A public sector insurance plan could serve as an “automatic mechanism for disciplining the industry,” by setting a high bar that private insurers would have to compete with. A public plan would not have to please Wall Street—or shareholders looking for earnings growth. It would have one goal: to offer Americans comprehensive, affordable care at a reasonable price. The House bill suggests that the public sector plan will follow Medicare in beginning to pay doctors for the quality of care that they provide, rather than volume. Better outcomes will bring bonuses. The House bill would let Medicare negotiate for discounts on drug prices. Presumably the public sector plan would follow suit.
Finally, a public plan is likely to use comparative effectiveness research to determine which treatments provide the greatest benefit to patients who fit a particular medical profile. Traditionally, for-profit insurers have said “no” to treatments based on price, without investigating benefits and risks. At the same time, if a treatment is very popular they will cover it—whether or not it is effective. They don’t want to lose market share. This is why for-profit insurers continued to cover the pain-killer Vioxx –even though medical research suggested that it might be causing fatal strokes and heart-attacks.

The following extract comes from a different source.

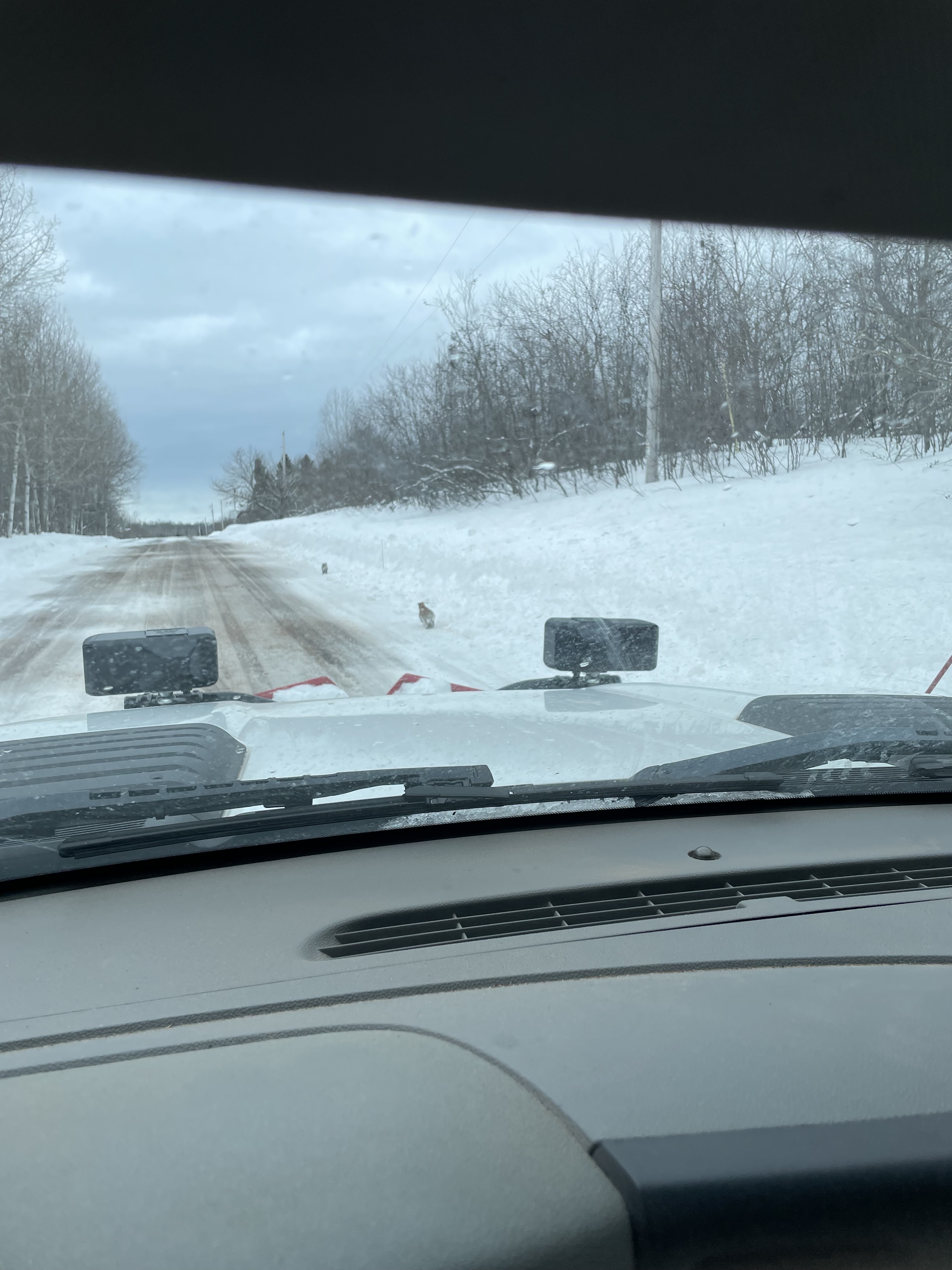 A photo of two cougar cubs on the side of the road taken out the windshield of a vehicle.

By contrast, the VA, which is a government plan, along with Kaiser and the Mayo
Clinic (both non-profits) stopped prescribing Vioxx for most patients when they discovered that the pricey pain-killer was not more effective for most—and might well be riskier. The VA, Kaiser and Mayo pulled Vioxx from their formularies more than a year before the manufacturer was finally forced to take Vioxx off the market.
Insofar as for-profit insurers try to bring premiums down, experience tells us that they will do this by shifting costs to patients. Their least expensive plans are likely to carry very high deductibles and co-pays, just like the high-deductible plans that for-profit insurers offer on the menu of Federal Employees Health Plans. In New York State, only 60% to 70% of customers say that they are satisfied with these plans. Satisfaction rates among patients on traditional Medicare are much higher.
The problem is that when low and middle-income families buy high-deductible plans, often they cannot afford to use them. Some months ago, Consumers’ Union reported on a woman in the Midwest who had a miscarriage, and an insurance plan that carried a $4,000 deductible. This plan was all that she could afford. But when she had the miscarriage, she didn’t dare go to a doctor. She couldn’t afford to pay for the doctor’s visit. And what if he put her in the hospital for observation? Instead, she reported “I just stayed in bed for a couple of days, and tried not to move around too much.”
This is not universal coverage.
If there were a public plan, there is an excellent chance that this woman would have been able to afford it. According to the Commonwealth Fund, under health care reform, a public sector family plan is likely to cost $2500 less than comparable private sector insurance. That $2500 difference, plus a subsidy that will be available to both low-income and middle-income families, could make all of the difference.
In the end, we cannot trust for-profit insurers to set priorities for our national health care system . We need a public sector insurance option to set a high standard for the marketplace.